-------- Task material

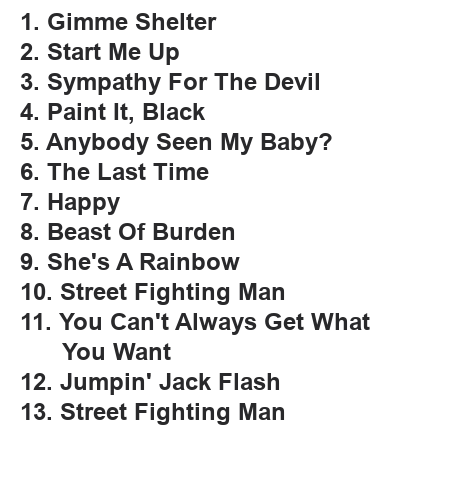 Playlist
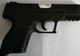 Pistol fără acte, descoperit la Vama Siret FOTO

----------------
-------- Task material

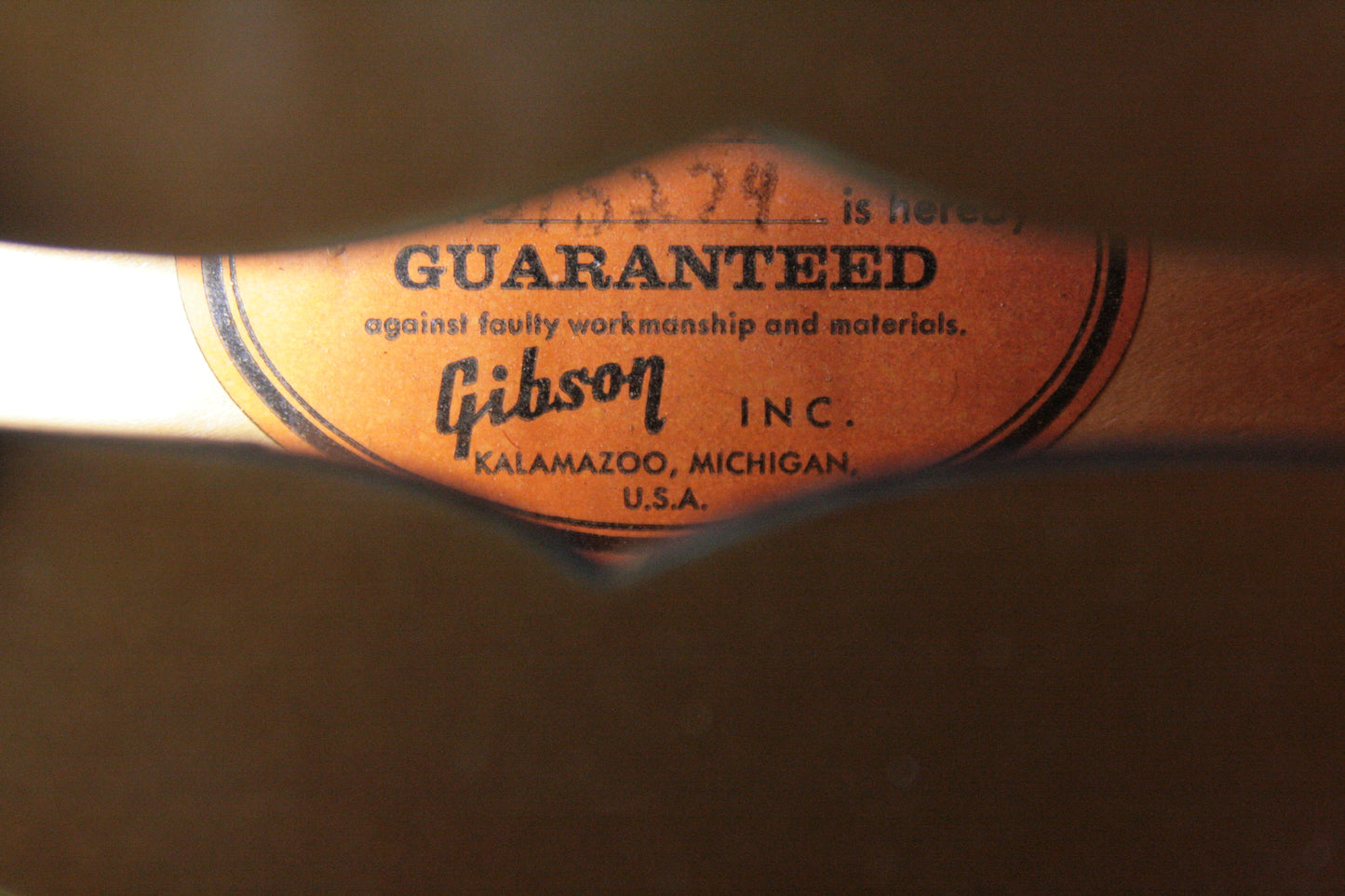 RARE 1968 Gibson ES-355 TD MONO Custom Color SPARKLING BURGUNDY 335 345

----------------
-------- Task material

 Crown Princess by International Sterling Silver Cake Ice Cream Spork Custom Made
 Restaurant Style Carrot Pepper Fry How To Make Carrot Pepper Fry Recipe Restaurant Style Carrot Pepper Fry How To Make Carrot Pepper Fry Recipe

----------------

Work request: As the answer, set down only the lines from the data above between the one holding "Crown Princess by" and the one holding "Fry Recipe Restaurant", inclusive, exactly as they read.

Problem solution:
 Crown Princess by International Sterling Silver Cake Ice Cream Spork Custom Made
 Restaurant Style Carrot Pepper Fry How To Make Carrot Pepper Fry Recipe Restaurant Style Carrot Pepper Fry How To Make Carrot Pepper Fry Recipe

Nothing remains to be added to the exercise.